Community

From the very beginning, the formation of individual branches (prior to the creation of the Society in 1961) was based on community. Individuals came together with a shared interest in genealogy and family history. They wanted to share with and learn from each other and to work jointly on projects that would benefit all members. When the Society itself was created from members of those participating branches, the goal remained the same – to work together in mutually beneficial ways to enhance genealogy for all.

Whether it was as individual branches, or as a Society, members worked on projects in their own areas, knowing that they could count on others across the province to do the same. This reciprocal relationship ensured that, although a person might not be living in an area of genealogical interest to them, their efforts were valuable to someone else; conversely, others were working on their behalf to make information available that would affect their ancestral research. This was and continues to be our symbiotic relationship.

We can all benefit from one another’s knowledge and skills. Often people meet others from the same family line or with the same geographic area of interest. That introduction and subsequent relationship often plays a major role in breakthroughs for one or both parties. Discussing family research with an individual or in a group setting that is provided through the general and special meetings throughout our organization allows people to share methodologies, best practices and skills.
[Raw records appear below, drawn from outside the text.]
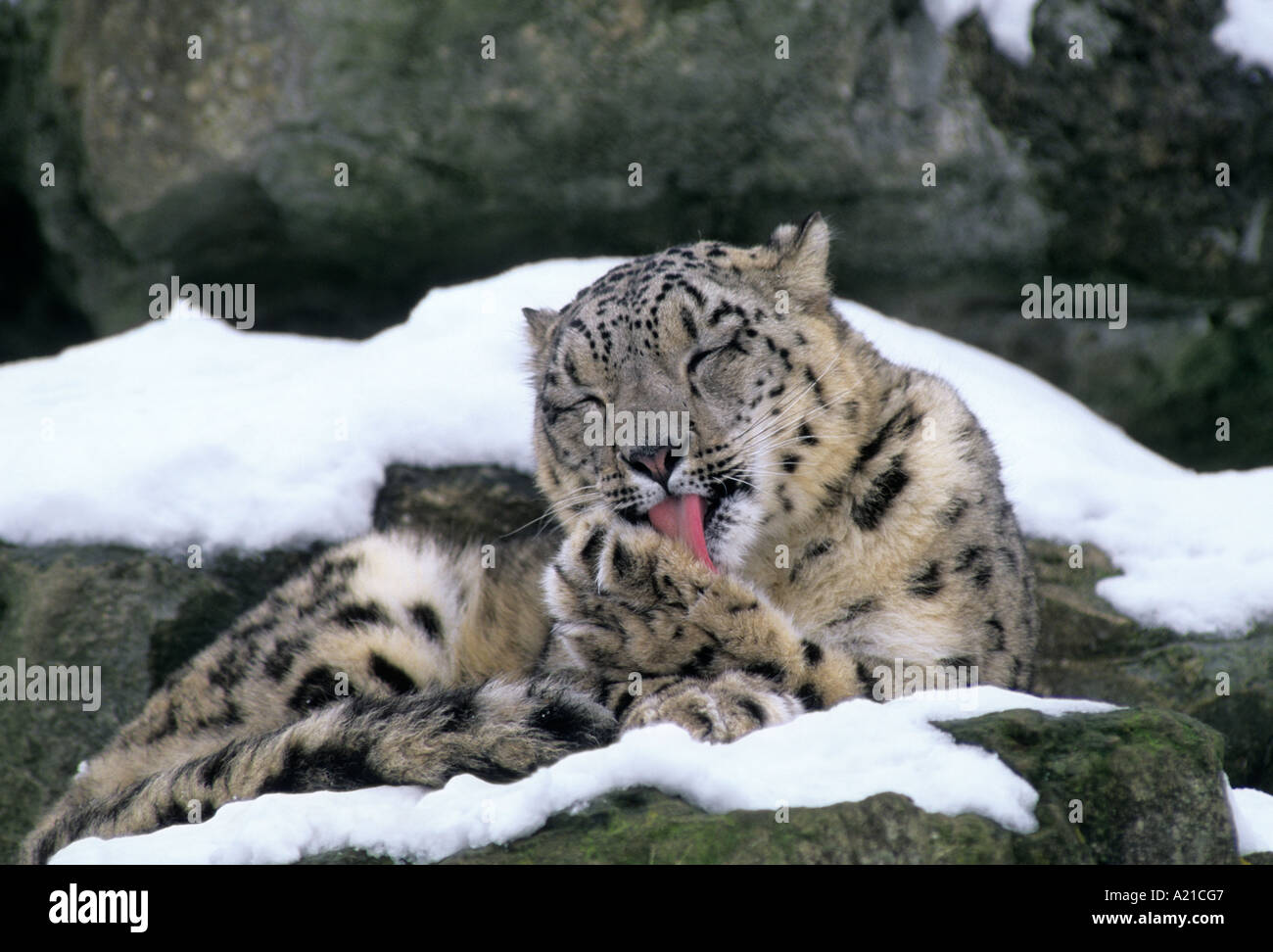 владикавказский зоопарк. животные владикавказ. владикавказский зоопарк владикавказ. животные владикавказ. зоопарк владикавказ режим.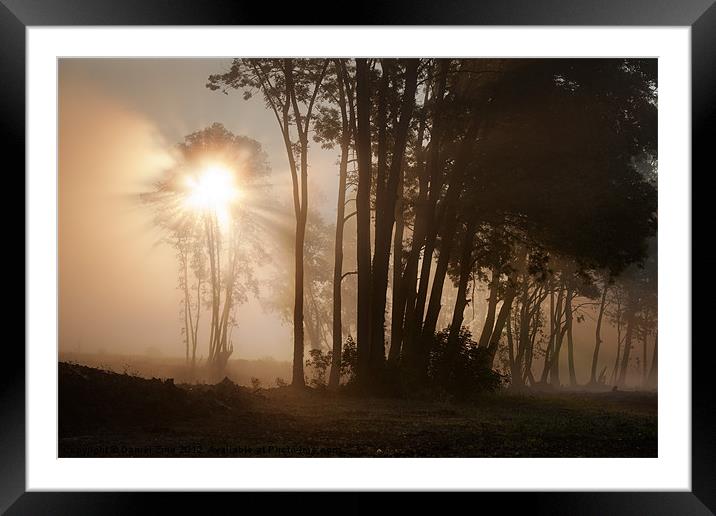 Morning Glory Framed Mounted Print by Daniel Zrno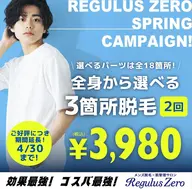 全身から選べる3箇所 × 2回 3,980円（税込）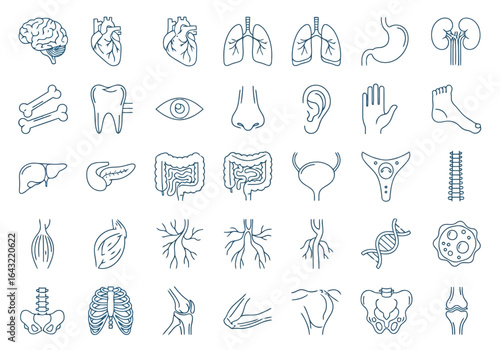 Collection of human internal organs and body parts in a simple outline style for educational or medical purposes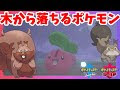 √ ポケモン 落ちる 743535-ポケモン 落ちる バグ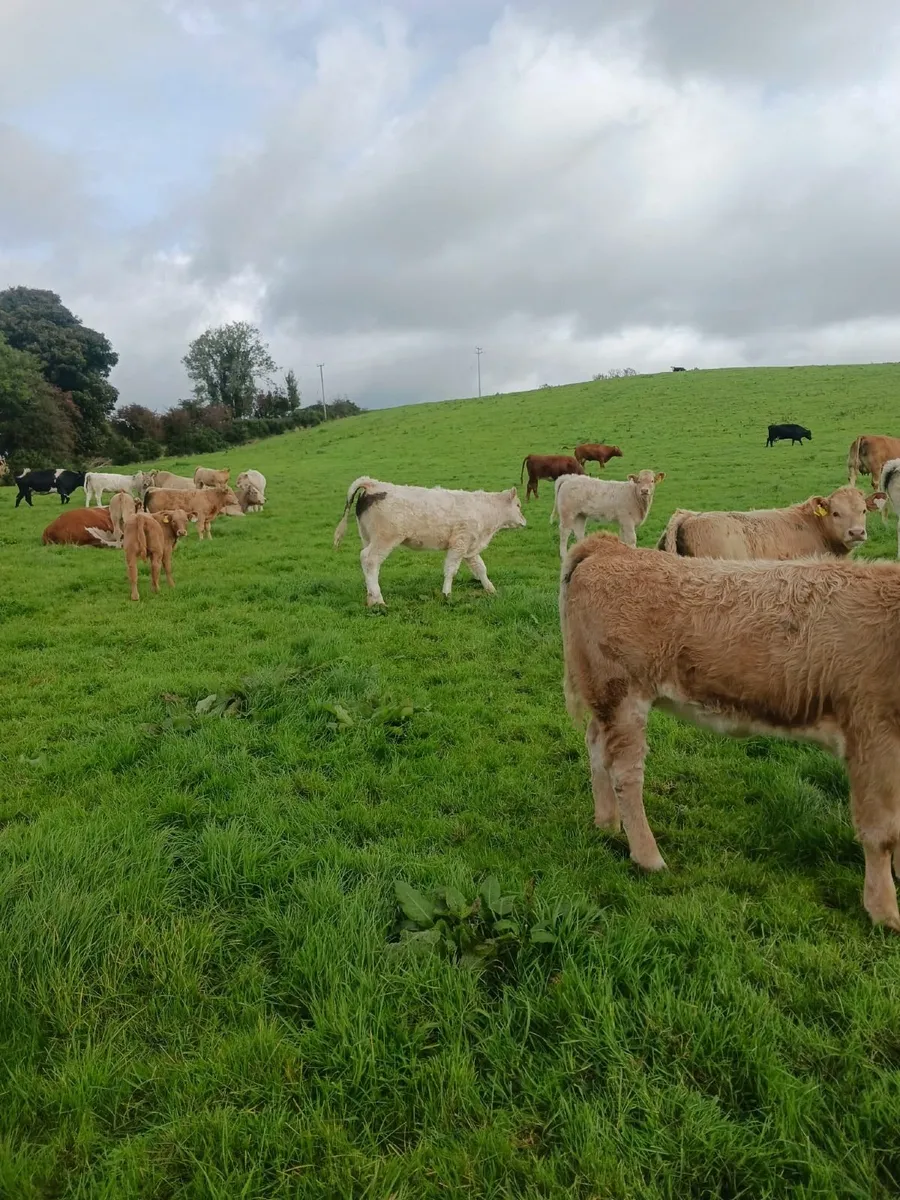 Organic Weanling Heifers - Image 2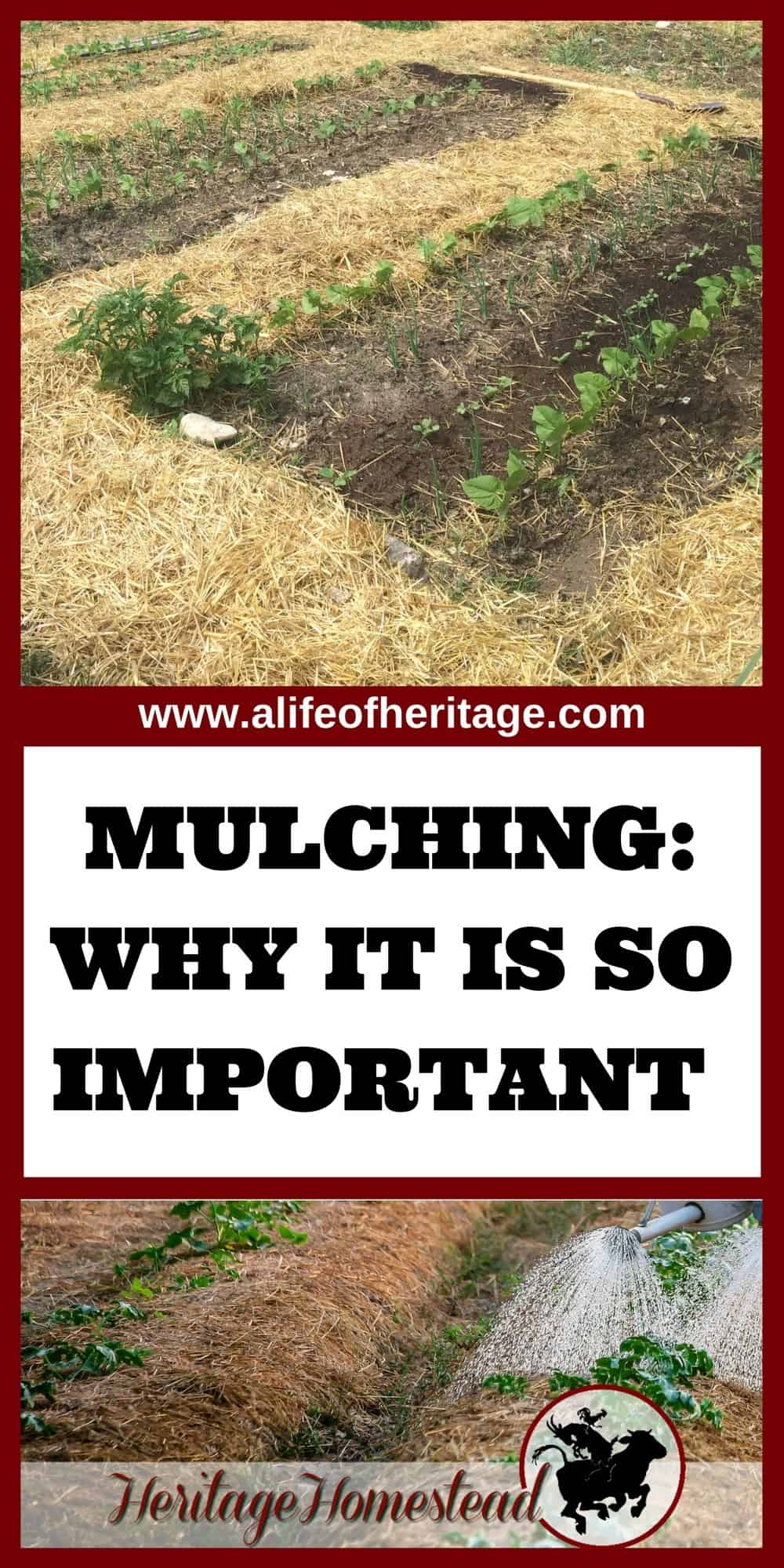 Mulching Why is it SO important? And WHEN to mulch strategically!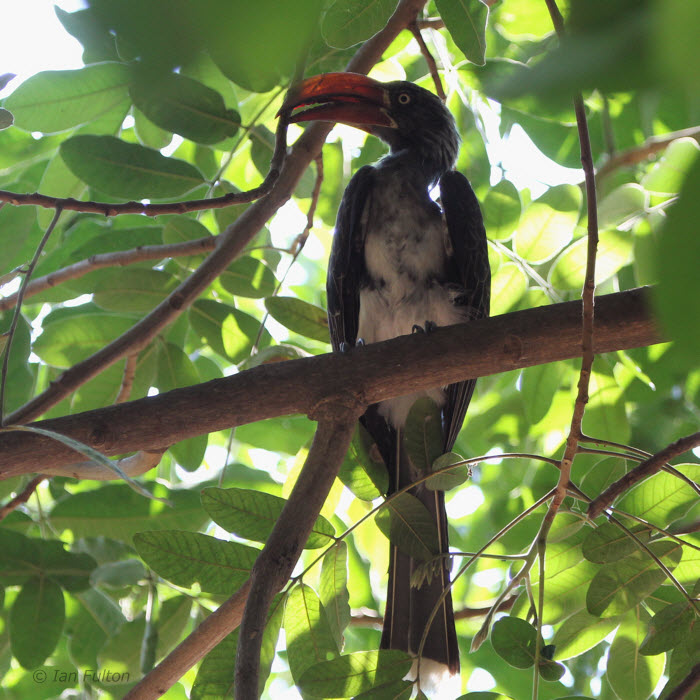 Crowned Hornbill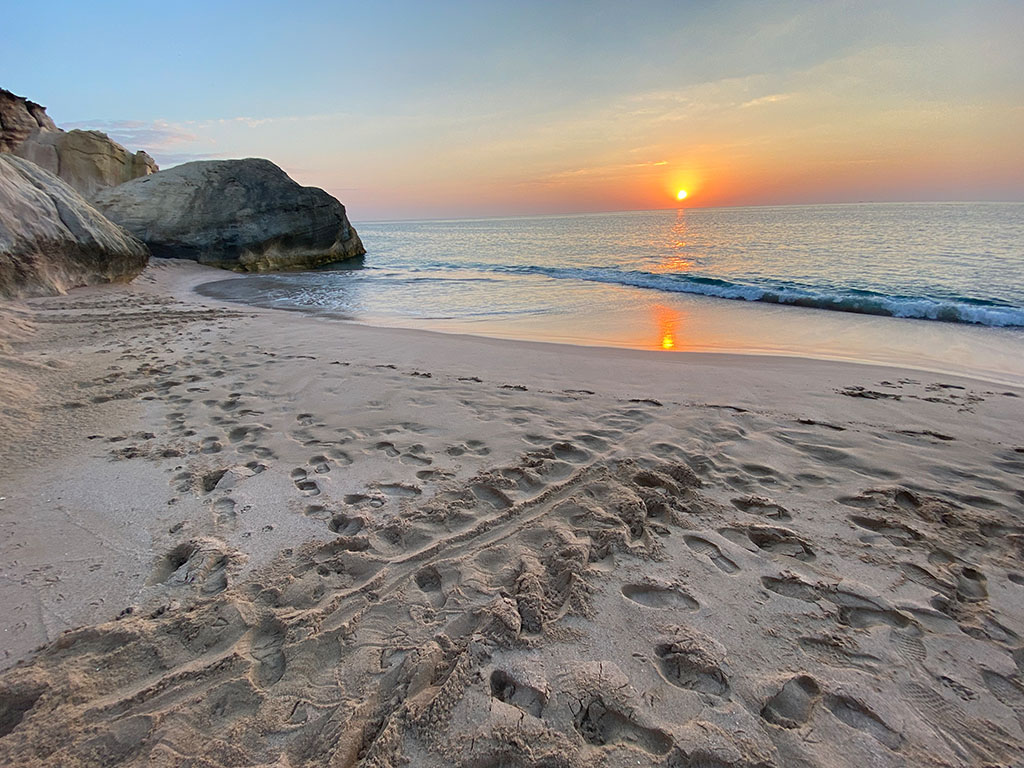 Schildkröten Beobachtung im Oman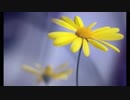 クルクルクルル・イレイレイレレ / GUMI オリジナル曲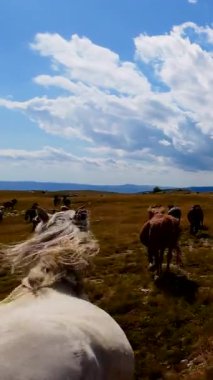 Dikey FPV insansız hava aracı vahşi atların dağılmış bulutlarla dolu güzel mavi bir gökyüzü altında engebeli bir dağ manzarasında dörtnala koşarken çektiği yavaş çekim görüntüleri. Bu çarpıcı sahne ham olanı yakalar.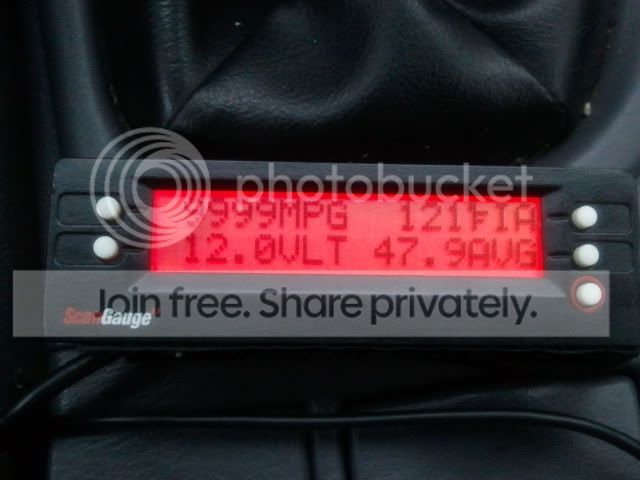 2011-09-08191531.jpg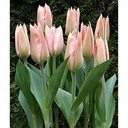 Tulipa Soft Design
A sense of camaraderie and companionship often develops and furthermore, a deeper participation and commitment to ensure that others will have the same opportunities to access records, to develop a deeper understanding of family history research, and to work and advocate on behalf of items of specific interest to genealogists, not only within the area, but across the province, the country and around the globe. That community extends again when people meet one another at conferences or in other settings. The OGS is as much a service organization as it is anything else and members strive to serve one another and the broader heritage community.